O que “Ligações Perigosas”, de Chordelos de Laclos, tem a ver com “Precisamos Falar Sobre o Kevin”, de Lionel Shriver? São romances epistolares, que se desenrolam por meio de cartas, adaptados para o cinema. Stephen Frears e Milos Forman trouxeram Laclos para os tempos modernos. O filme de Lynne Ramsay ganhou mais notoriedade do que o livro de Shriver. A ponto de se tornar a primeira referência do título.
Neste caso, não se trata de uma troca de correspondência. Ao contrário de Laclos, estamos à mercê das cartas de uma única pessoa. Sem saber, a princípio, se elas foram enviadas ou respondidas. O valor terapêutico assemelha-se a um diário. Se escreve para si mesma, as epístolas adquirem a forma de uma confissão na fronteira do inconsciente.

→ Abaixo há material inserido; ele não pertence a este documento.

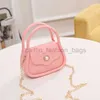 Cross Body Women's Bag 2023 NUEVA PERLA CADENA MAGNÉTICA BOLSA PEQUEÑA BOTA CREATIVA BOCA BOCA ROJA MINI BOGA PEQUEÑA CAITLIN_FASHI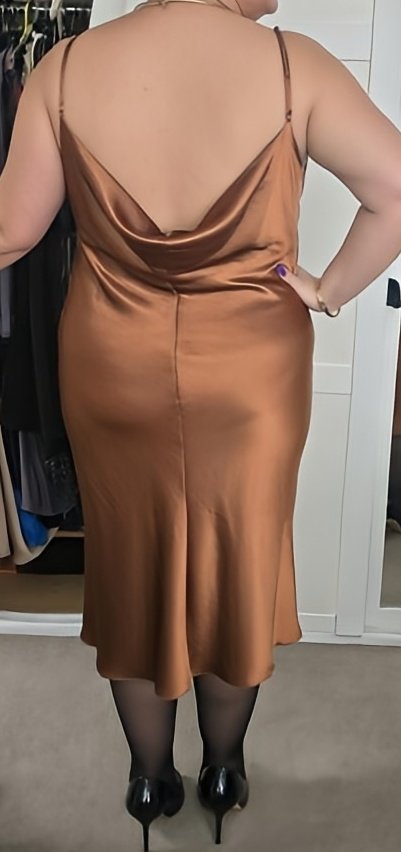 Slutty Ms B tweet media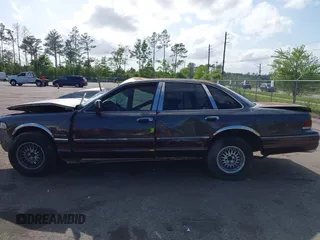 1994 Ford Crown Victoria LX с VIN 2FALP74W1RX133239, выставлен на аукционе IAAI как лот 42020257 с пробегом 110 463 миль миль и . История ставок и продаж доступна на DreamBid. Изображение 14.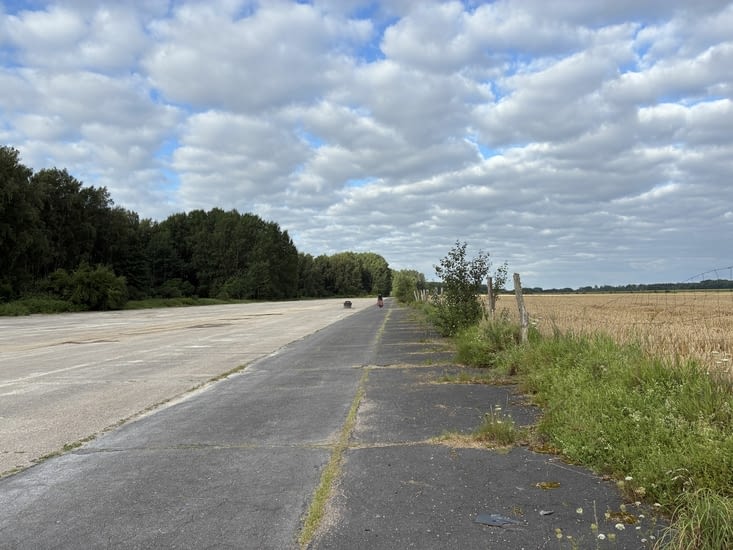 Nous commençons par une vieille piste d’aérodrome militaire de la Luftwaffe.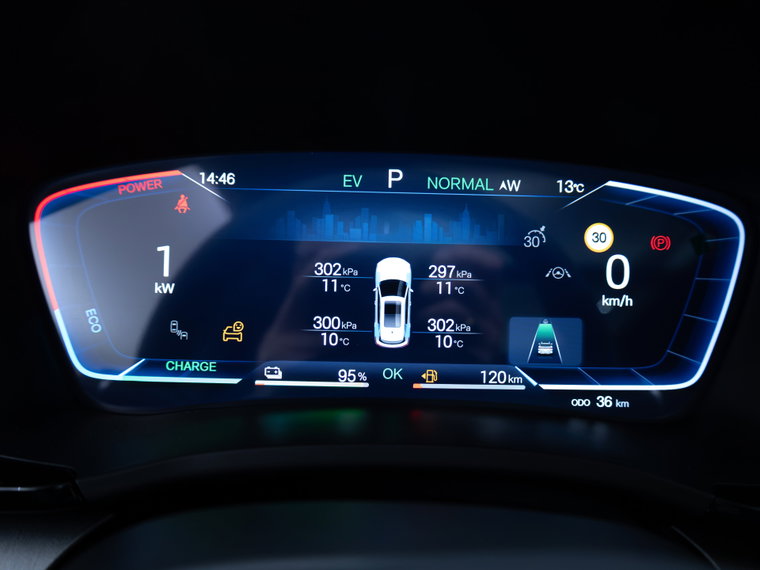Vehicle Image 21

Logo no começo temos uma discussão muito franca sobre os temores da maternidade. Eva Khatchadourian, autora do texto, uma intelectual de boa formação e vida confortável em Nova York, cujo nome leva o pensamento para referências religiosas, deixa antever que os receios acabarão sendo pequenos diante da tempestade que a condenará ao papel de náufraga sem nenhuma possibilidade de salvação.
As dúvidas relacionadas a uma suposta vocação existencial e biológica, do corpo submetido aos rigores da gestação, não desaparecem com o nascimento do bebê. A culpa, fortalecida por sentimentos inadequados, desenha o perfil de uma depressão pós-parto. As dores são tão lancinantes quanto um princípio de morte. O resultado é um choque provocado pela aparente contradição. Cadê a felicidade esperada?

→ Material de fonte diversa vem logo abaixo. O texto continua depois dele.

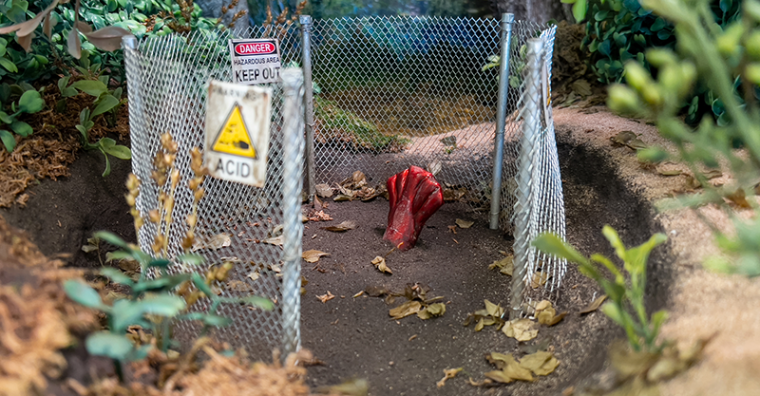 Koons Ruins Buried Lobster (Peephole view), Peephole Diorama of mixed materials including resin clay, foam, metallic paint, etc. , 2022.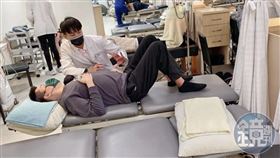 亞東醫院復健中心傳出限制次數爭議，還有病患指稱治療師會言語嘲諷病患。民眾提供（示意畫面，圖中人物與本案無關）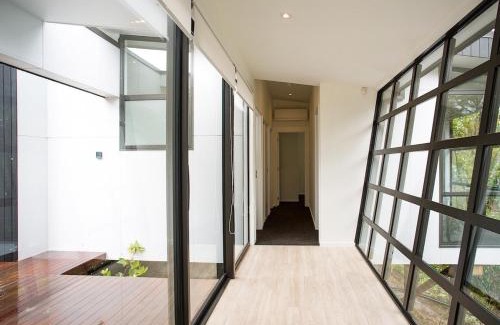 Ngaio Bay Casa | The Treehouse - Kaiteriteri Holiday Home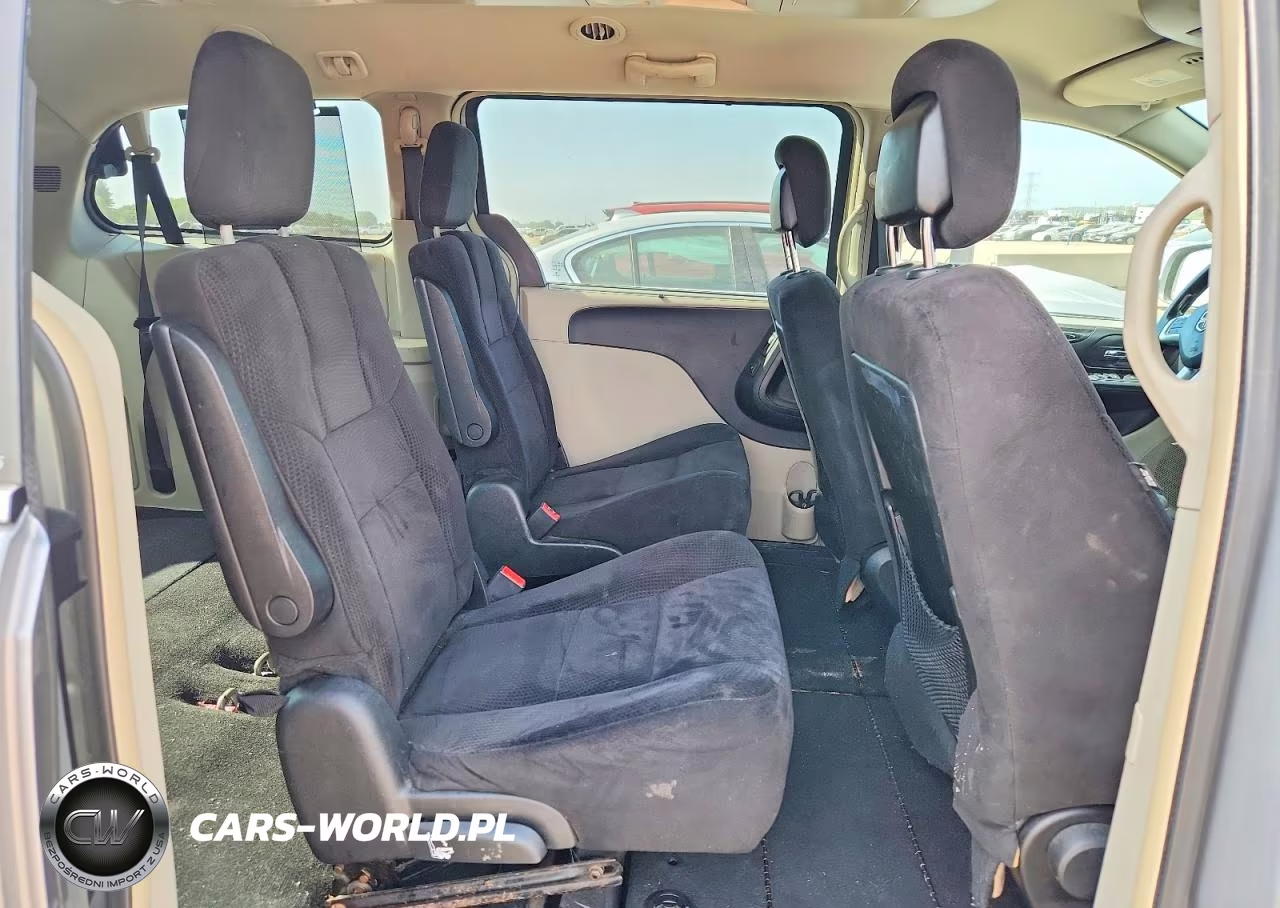 2013 Dodge Grand Caravan Crew VIN:2C4RDGDG4DR796470 - 10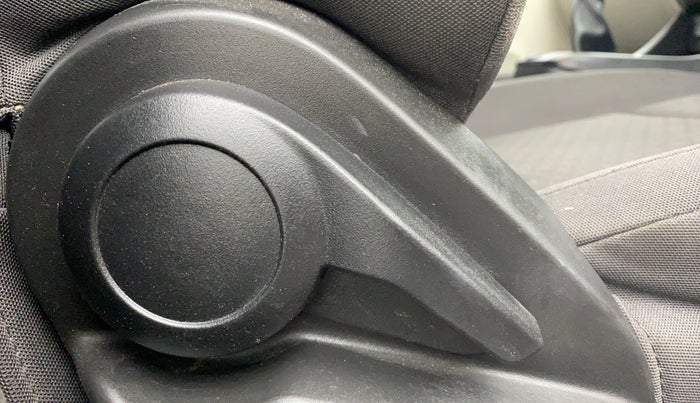 2022 Tata ALTROZ XE PLUS PETROL, Petrol, Manual, 73,862 km, Driver Side Adjustment Panel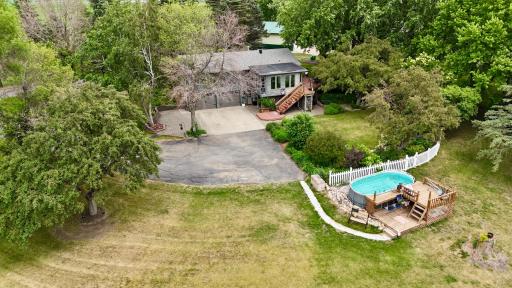32185 290th Street, Worthington, MN 56187
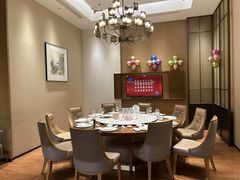 -泓历皇朝酒店(东亭店)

A complexidade do caráter do filho em crescimento é anunciada com a certeza de que ele vai cometer uma atrocidade. A questão é identificar os sinais que fariam dele um adolescente problemático. Kevin é maléfico desde criança ou não passa de um menino introspectivo, com tendências de misantropia? O interesse da mãe em descobrir os motivos do comportamento estranho corresponde ao desinteresse do pai em assumir que o comportamento possa ter alguma coisa de anormal. O livro tangencia o terror que ameaça a inocência e a ingenuidade. Ou a mera displicência.
A decisão de aumentar a família, como se fosse uma compensação ou uma experiência de feições medonhas, brota em um terreno especial de crise. O desafio acabrunhante vai no sentido de comprovar que “nosso filho já nasceu desalmado”. A chegada de Celia, com suas características suaves e frágeis, equivale a oferecer um brinquedo demasiado conveniente ao leitor para confirmar as dúvidas sobre a personalidade temerária do irmão, que se evidencia na escola e na vizinhança.

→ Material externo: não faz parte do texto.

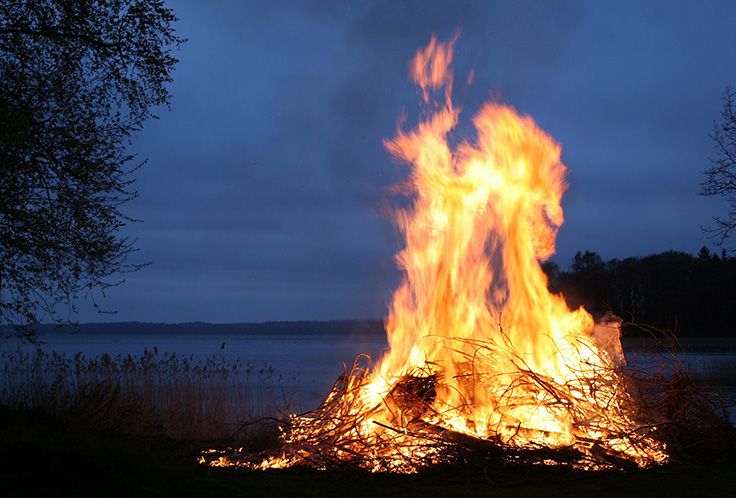 Valborgsbrasa som brinner en mörk kväll.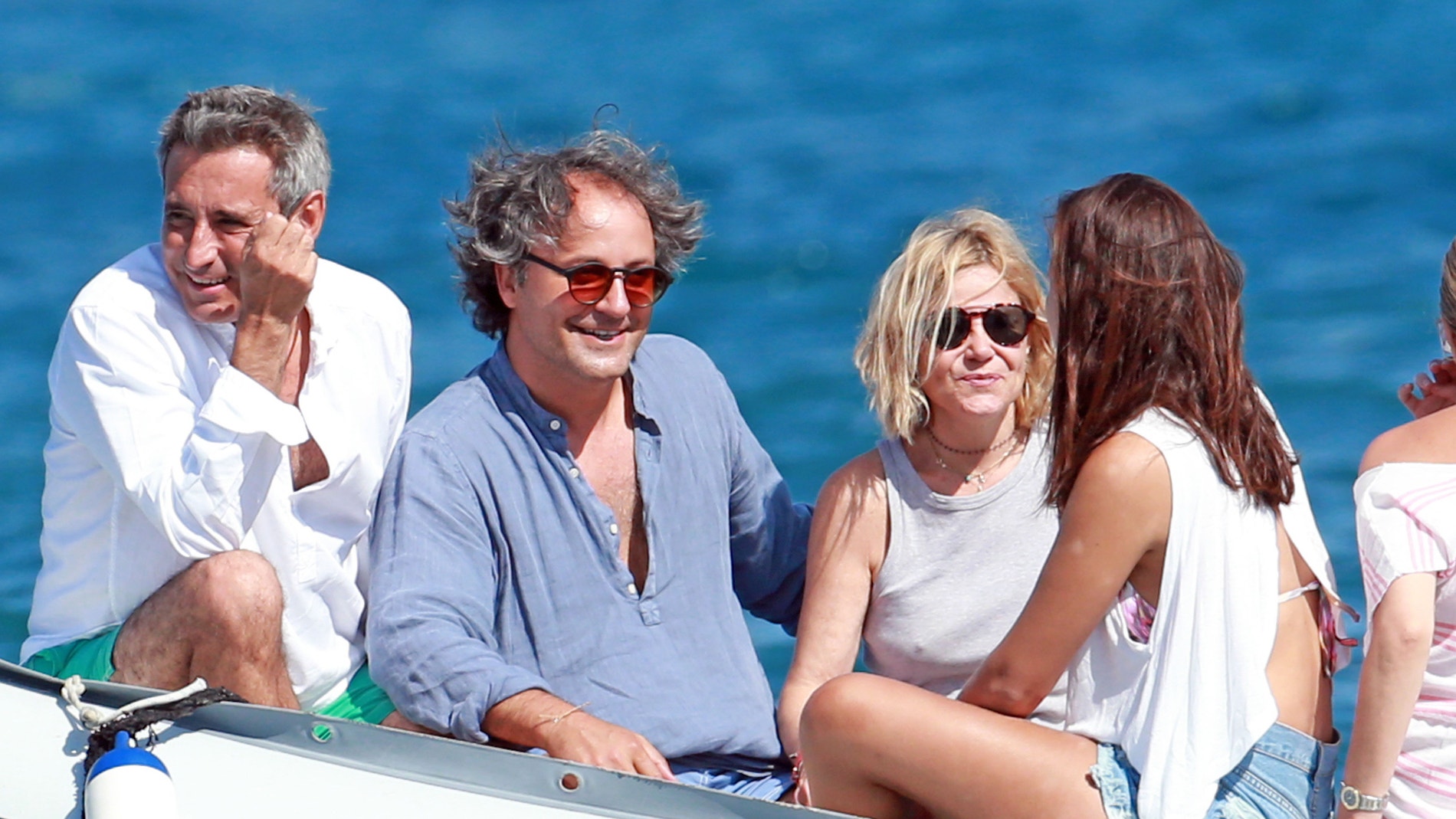 Eugenía Martínez de Irujo con su hija Cayetana Rivera y Narcís Rebollo durante unas vacaciones en Ibiza.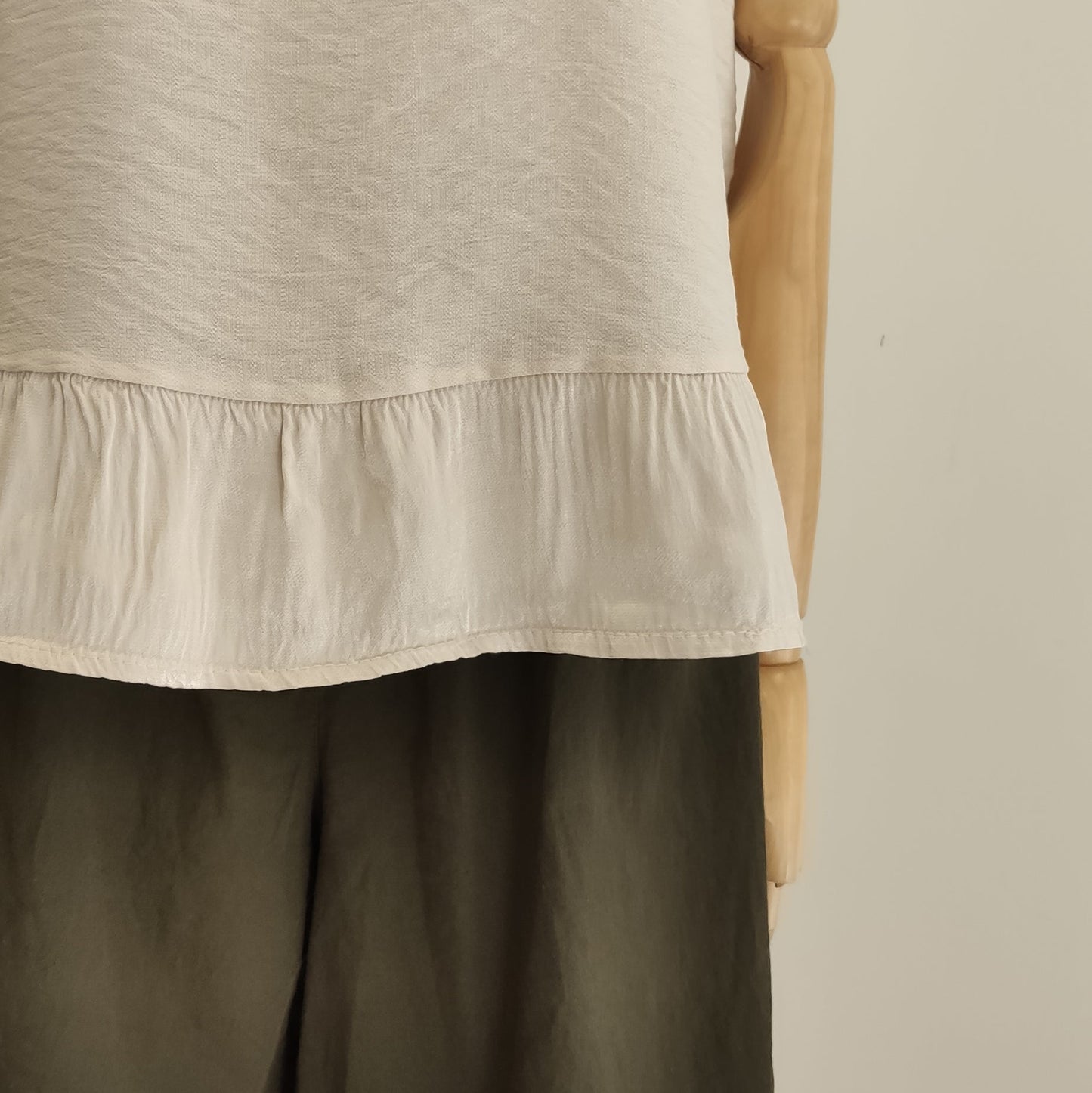 BLUSA VOLANTE BEIGE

O encerramento não tem nenhuma resposta que sirva para amarrar o pacote com um laço de fita que deixe tudo com uma aparência bonita. Passamos pela fatídica quinta-feira com o assombro dos avisados que não estavam preparados para os detalhes do grande evento. E descobrimos que Eva está disposta a nos dar mais um susto enorme, além de todos que ela compartilhou ao longo do livro. Quando ela assume em definitivo a responsabilidade de ser mãe é como um soco no estômago capaz de nos tirar o fôlego.